Print exactly the lines below between the line containing "Mutley 678×1,024 Pixels" and the line containing "C’est une obligation", counting both of those lines. Leave pictures out.

Records to use:
▬▬▬▬▬▬▬▬▬▬
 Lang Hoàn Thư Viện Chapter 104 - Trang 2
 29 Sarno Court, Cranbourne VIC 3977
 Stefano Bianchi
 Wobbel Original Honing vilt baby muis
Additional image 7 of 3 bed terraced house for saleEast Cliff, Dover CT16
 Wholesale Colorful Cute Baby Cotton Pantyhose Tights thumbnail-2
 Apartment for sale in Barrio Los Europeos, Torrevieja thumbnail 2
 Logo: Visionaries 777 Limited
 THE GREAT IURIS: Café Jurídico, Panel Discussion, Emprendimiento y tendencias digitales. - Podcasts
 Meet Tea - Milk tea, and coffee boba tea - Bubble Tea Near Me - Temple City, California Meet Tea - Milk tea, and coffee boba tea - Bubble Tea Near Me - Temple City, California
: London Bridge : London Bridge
▬▬▬▬▬▬▬▬▬▬
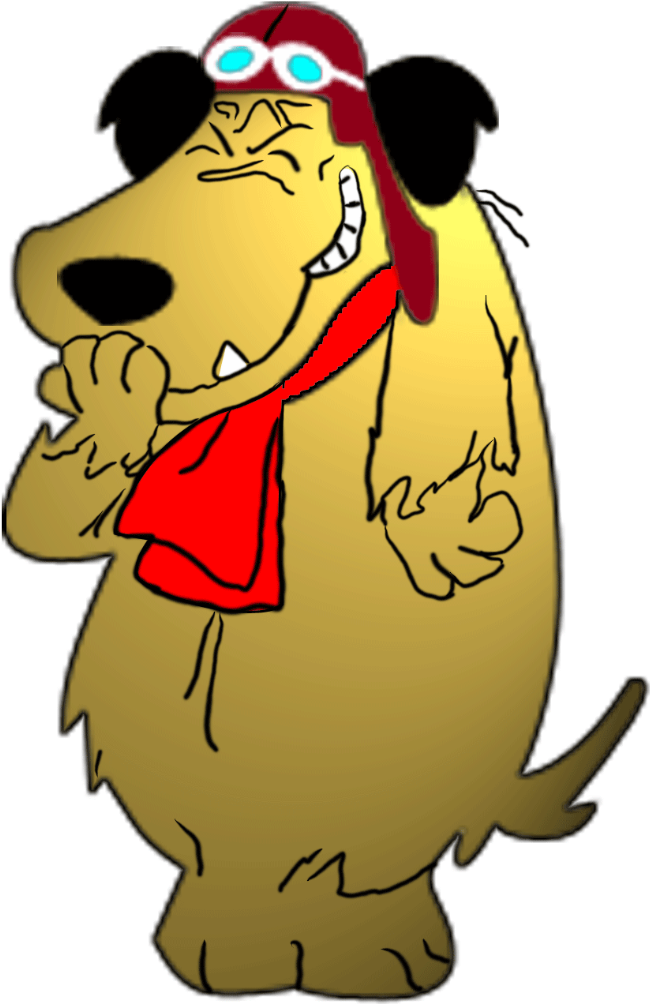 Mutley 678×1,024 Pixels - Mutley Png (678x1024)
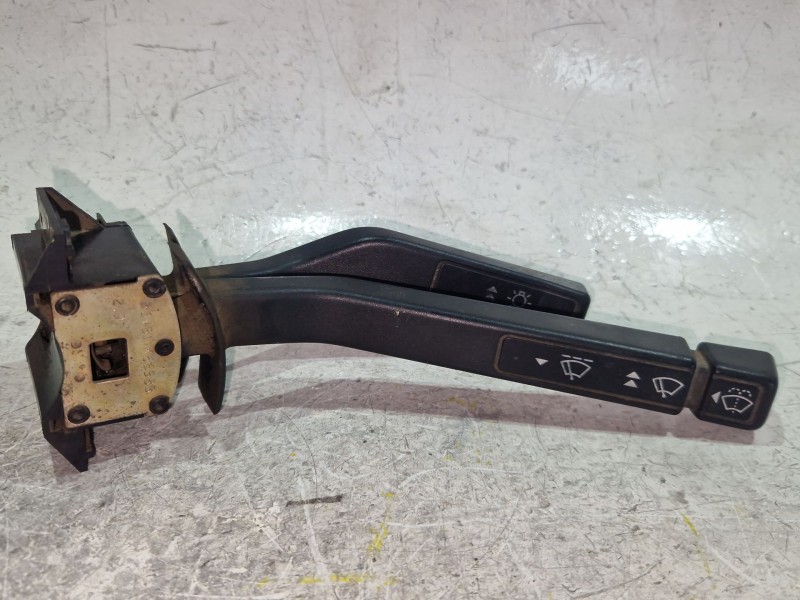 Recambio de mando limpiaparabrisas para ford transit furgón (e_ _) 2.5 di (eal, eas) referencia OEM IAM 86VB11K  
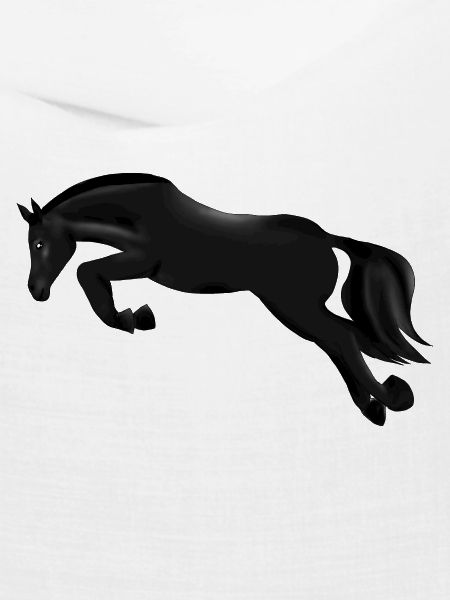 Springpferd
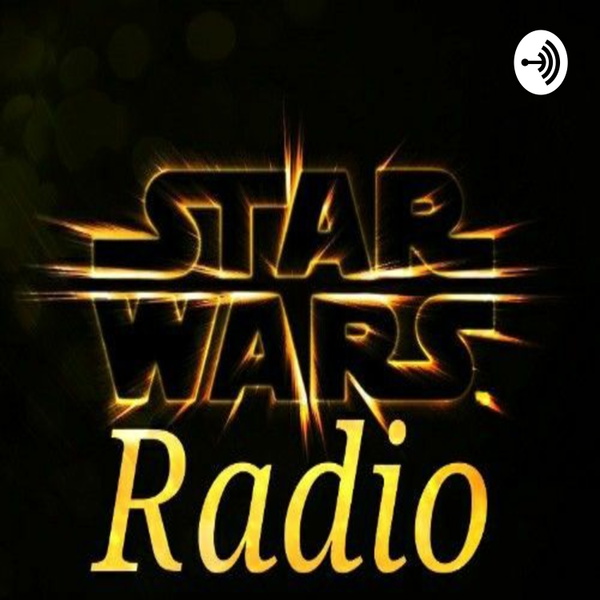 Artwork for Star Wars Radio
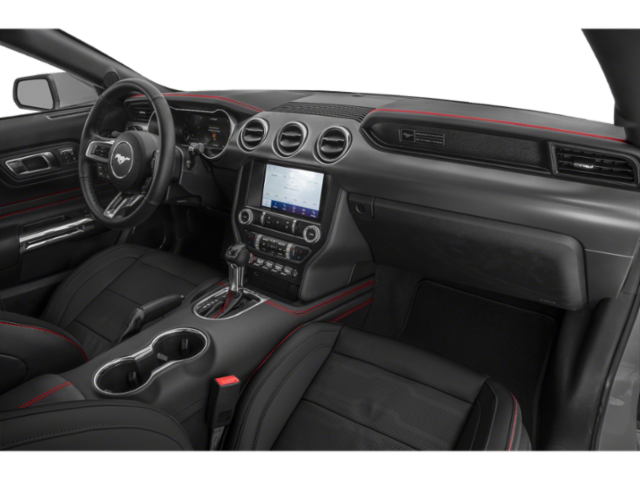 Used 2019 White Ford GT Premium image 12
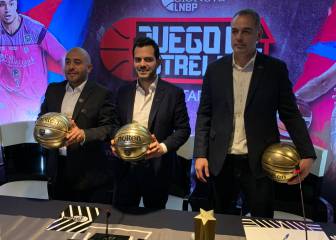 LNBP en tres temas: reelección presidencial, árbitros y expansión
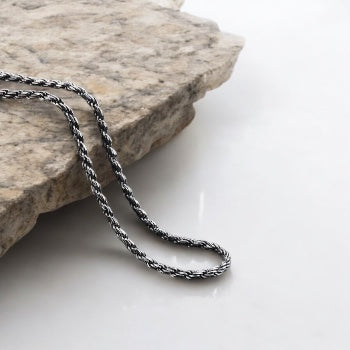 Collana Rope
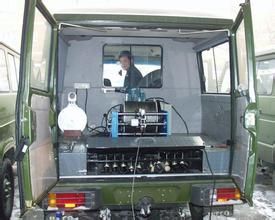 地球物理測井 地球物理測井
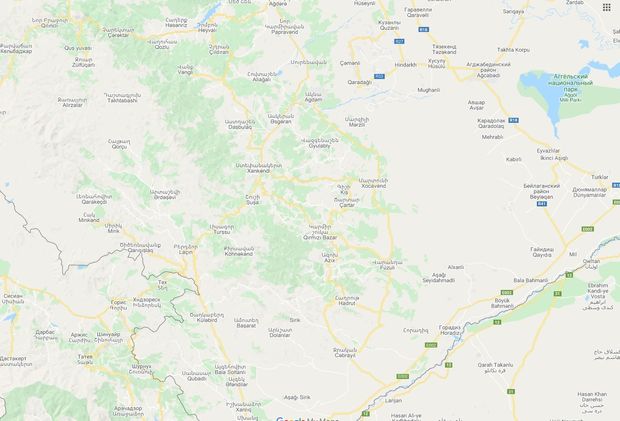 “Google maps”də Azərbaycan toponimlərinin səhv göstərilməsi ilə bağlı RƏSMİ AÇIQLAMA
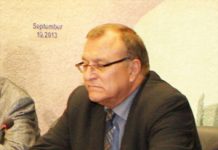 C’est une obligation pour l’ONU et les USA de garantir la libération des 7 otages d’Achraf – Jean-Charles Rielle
▬▬▬▬▬▬▬▬▬▬
Completed exercise:
 Mutley 678×1,024 Pixels - Mutley Png (678x1024)
 Recambio de mando limpiaparabrisas para ford transit furgón (e_ _) 2.5 di (eal, eas) referencia OEM IAM 86VB11K  
 Springpferd
 Artwork for Star Wars Radio
 Used 2019 White Ford GT Premium image 12
 LNBP en tres temas: reelección presidencial, árbitros y expansión
 Collana Rope
 地球物理測井 地球物理測井
 “Google maps”də Azərbaycan toponimlərinin səhv göstərilməsi ilə bağlı RƏSMİ AÇIQLAMA
 C’est une obligation pour l’ONU et les USA de garantir la libération des 7 otages d’Achraf – Jean-Charles Rielle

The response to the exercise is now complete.